On that fateful day, the Somayandra family was celebrating Puthari Kolu, and there was a great deal of singing, dancing and gaiety. All the women folk watched the goings on from the first floor balcony. Soon the ladies got busy with serving the feast and the men were goaded to make it the ‘last-mug-of-toddy’ and sit for lunch. Amidst raucous conversation everyone enjoyed the meal and were about to get up when a bullock cart laden with several vessels pulled up near the Ainemane. Ominously the cart was followed by a posse of armed Siddhis.
The man who was driving the cart got down and spoke very courteously to the Pattedar of Somayandra family and told him that he had brought ‘prasada’ sent by the raja especially for the family. It was customary for the raja to send ‘prasada’ to village heads whenever a puja was performed in the palace. However, here was a cartload of ‘prasada’ in the form of payasa for the entire village.
Even before any questions could be asked a few servants in the entourage unloaded the vessels and started serving the payasa to the people who were still sitting in front of their banana leaves.
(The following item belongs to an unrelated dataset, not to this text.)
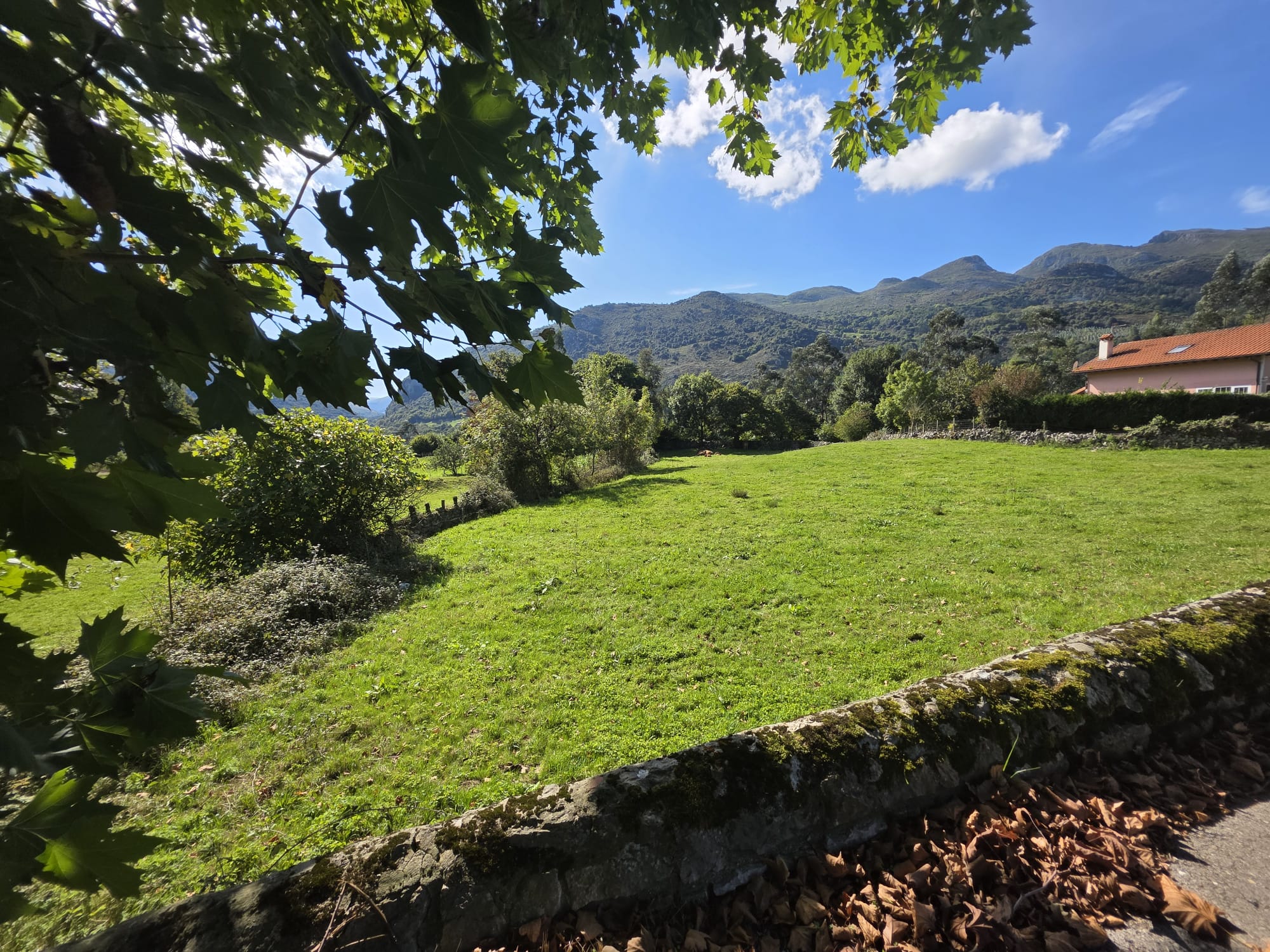 Se vende Terreno Urbano en Celis, Rionansa (V1831)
It was considered an honour to receive prasada from the palace and the children lost no time in lapping it up. Soon the elders too tentatively started eating the payasa. The Siddhis watched-over till everyone consumed the payasa.
Within a short time the children complained of stomach ache and started collapsing one after the other. The Pattedar and the elders soon realized what was happening. Men, women and children were writhing in pain and dropping dead. The entourage from the palace left only after ensuring that the poisoned payasa had done the ‘kuthi nasha’ of the Somayandra family.
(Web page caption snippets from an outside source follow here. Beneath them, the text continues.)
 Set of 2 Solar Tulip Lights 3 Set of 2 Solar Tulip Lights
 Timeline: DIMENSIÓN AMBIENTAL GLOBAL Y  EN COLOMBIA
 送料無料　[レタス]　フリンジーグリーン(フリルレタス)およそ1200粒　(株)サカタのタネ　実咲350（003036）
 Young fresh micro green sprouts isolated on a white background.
Ironically, the excommunicated Madayya and his brother were the only survivors. According to Major Appachanna it was Dewan Chepudira Ponnappa, who after Chikka Veerarajendra was deposed, issued a public proclamation to ascertain the possibilities of any member of the Somayandra family having survived the ‘kuthi nasha’. Madayya had married and had a family while his elder brother had remained a bachelor. When Madayya’s family was finally traced, Dewan Ponnappa used his influence to re-establish the Somayandra okka.